British design in the modern age: from punk bands to boom-time brands

This article is more than 12 years old
Has the V&A's new show captured British design from 1948 to now? Justin McGuirk enters a world of spindly furniture, punk safety pins – and plastic chicken coops

In 1948, still reeling from the war, Britain steeled itself and cobbled together the first Olympic games of the postwar era. The London Olympics were known as the "austerity games", and yet proved a triumph of resourcefulness. It's with this moment that the Victoria & Albert museum begins its new survey exhibition, British Design 1948–2012 – an irresistible conceit, as London counts down to its second Olympics.

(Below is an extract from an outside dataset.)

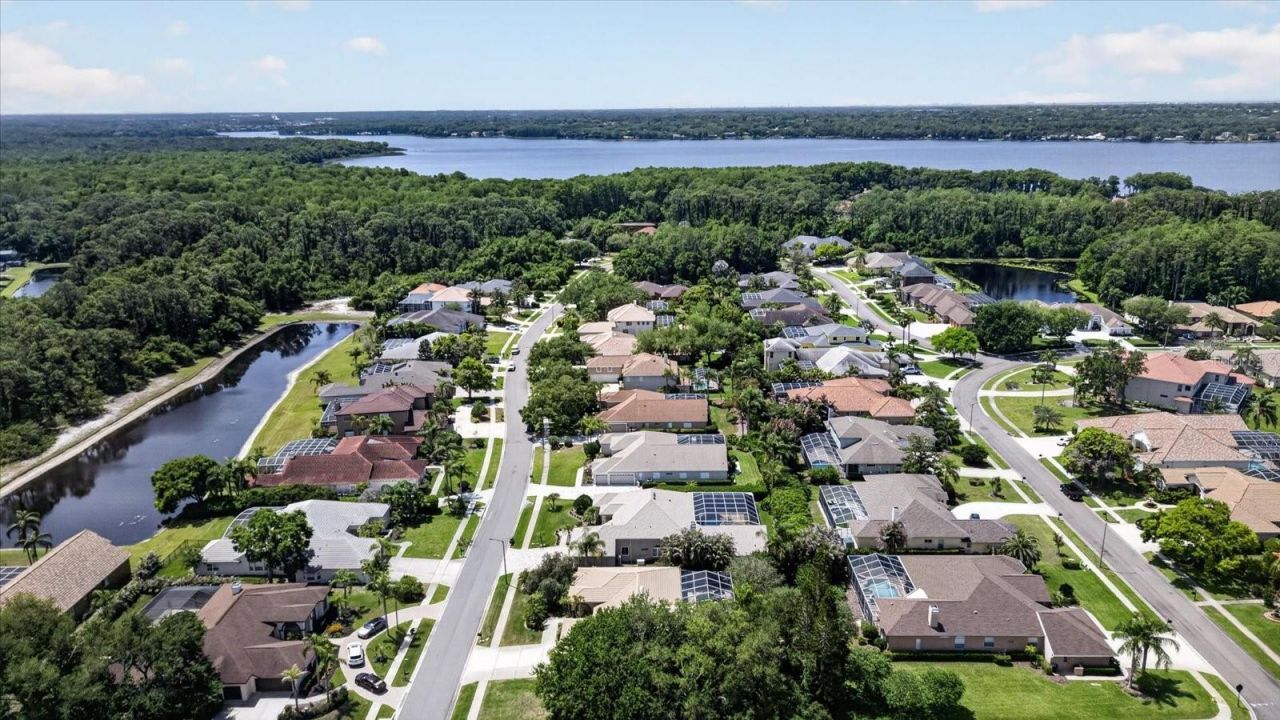 4052 Capitol Drive, Palm Harbor, FL 34685 Photo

The other key moment in British design was the Festival of Britain in 1951. Then, Britain finally grasped the modernist nettle, seeking to drive manufacturing with a genuine design culture; now, a Britain that is renowned for its design (and not its manufacturing) is about to embark on an Olympic celebration that feels more like the culmination of something than its beginning.

The austerity may be back, but it is difficult to overstate the scale of the political shift that has occurred. The Festival of Britain was the brainchild of a Labour government forging the welfare state; the 2012 Olympics are presided over by a coalition government dismantling what's left of it. Some of this show rubs our noses in that polarity. Here is Jock Kinneir and Margaret Calvert's 1957 design for the national road signage system, going on show the week after it was announced that roads may be privatised. Here are London county council's ambitious postwar social housing programmes, whose corollary today are the "luxury" apartment blocks thrown up by private developers. Then it was the technological finesse of the 300ft Skylon tower; now we have the oligarchical vanity of the Mittal-Orbit structure on the Stratford site, by Anish Kapoor. The exhibition illustrates not just the history of British design, but of British politics.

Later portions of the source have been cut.